● Work to be completed
Please transcribe exactly the line that holds "Wide Wheels Practical" and all lines that follow it to the end of the records below, omitting any pictures.

● Input for this task

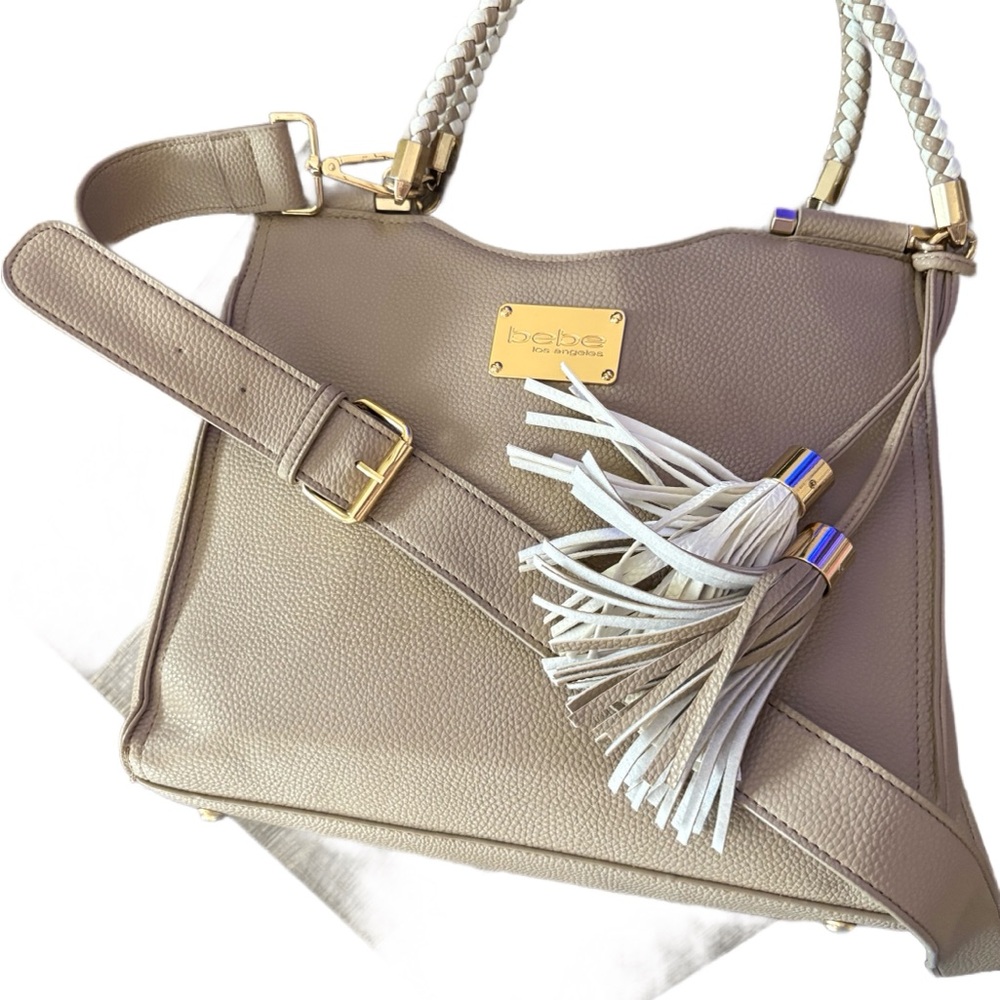 Bebe Taupe Shoulder Bag with Gold Details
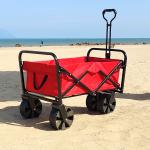 Wide Wheels Practical Foldable Beach Cart Welding Industrial Storage Folding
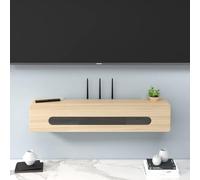 HEFJIAYCIQ Boîte De Rangement Moderne Murale pour Routeur WiFi, Armoire Flottante pour La Gestion des Câbles du Modem, pour Le Bureau, Le Salon, Le Bureau, La Chambre,Natural,23.6x5x8in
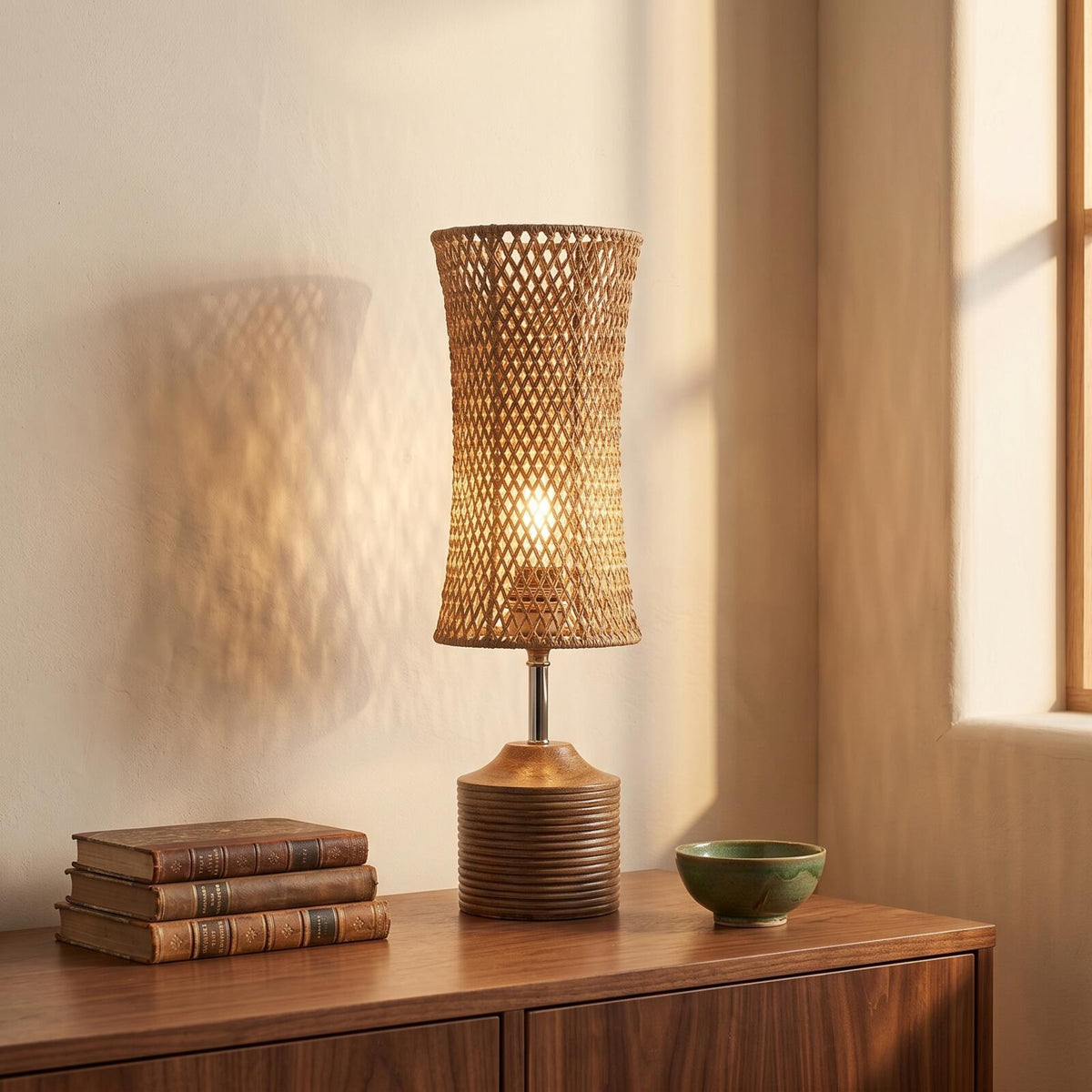 Woven fibre table lamp lit on a walnut sideboard in a reading corner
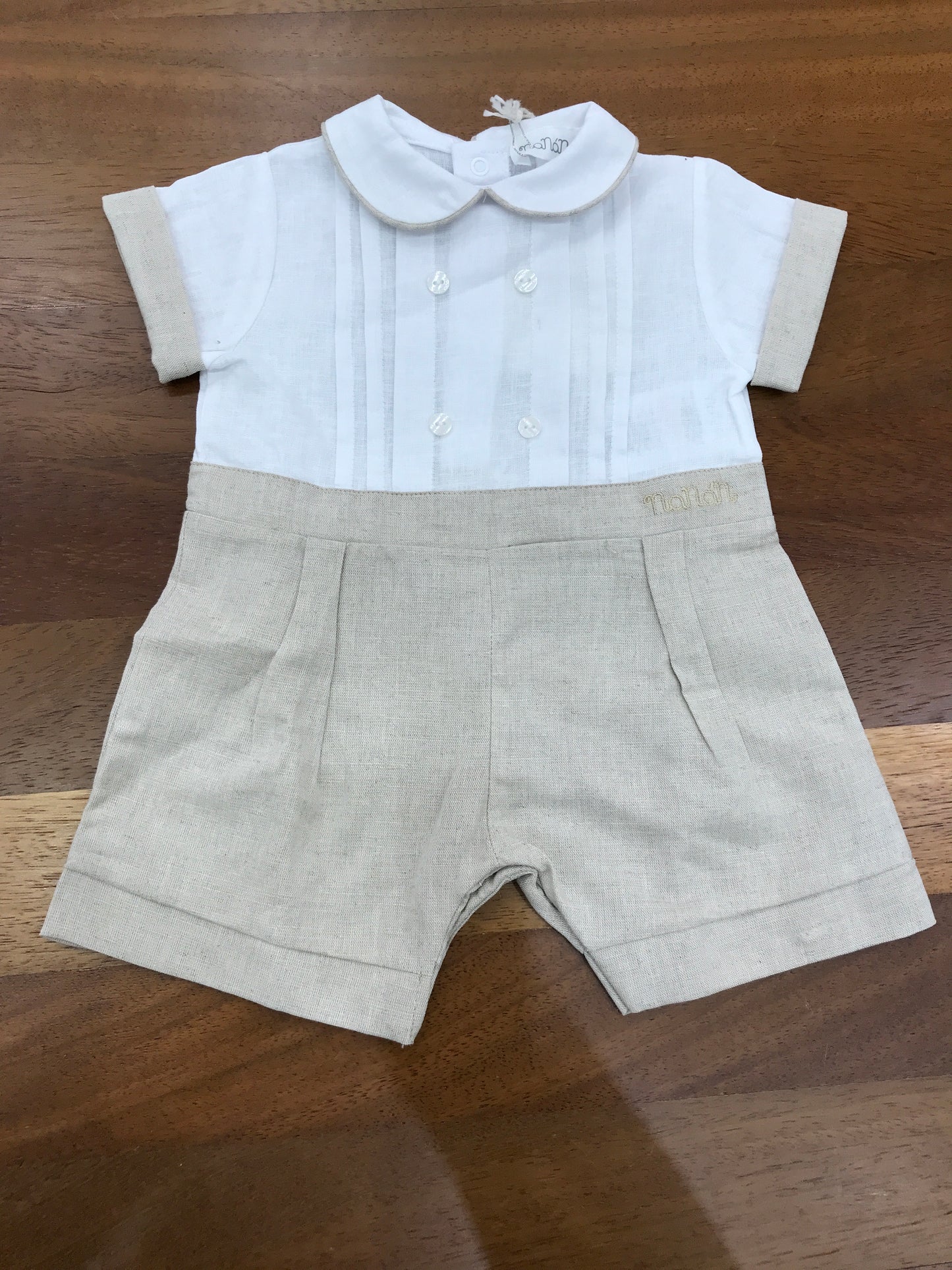 Pagliaccetto Nanan in lino mezza manica collo tondo beige e bianco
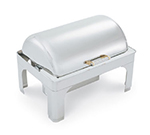 9-qt Rectangular Chafer - Brass Trim, Dome Cover, Stainless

● Written solution
 Wide Wheels Practical Foldable Beach Cart Welding Industrial Storage Folding
 HEFJIAYCIQ Boîte De Rangement Moderne Murale pour Routeur WiFi, Armoire Flottante pour La Gestion des Câbles du Modem, pour Le Bureau, Le Salon, Le Bureau, La Chambre,Natural,23.6x5x8in
 Woven fibre table lamp lit on a walnut sideboard in a reading corner
 Pagliaccetto Nanan in lino mezza manica collo tondo beige e bianco
 9-qt Rectangular Chafer - Brass Trim, Dome Cover, Stainless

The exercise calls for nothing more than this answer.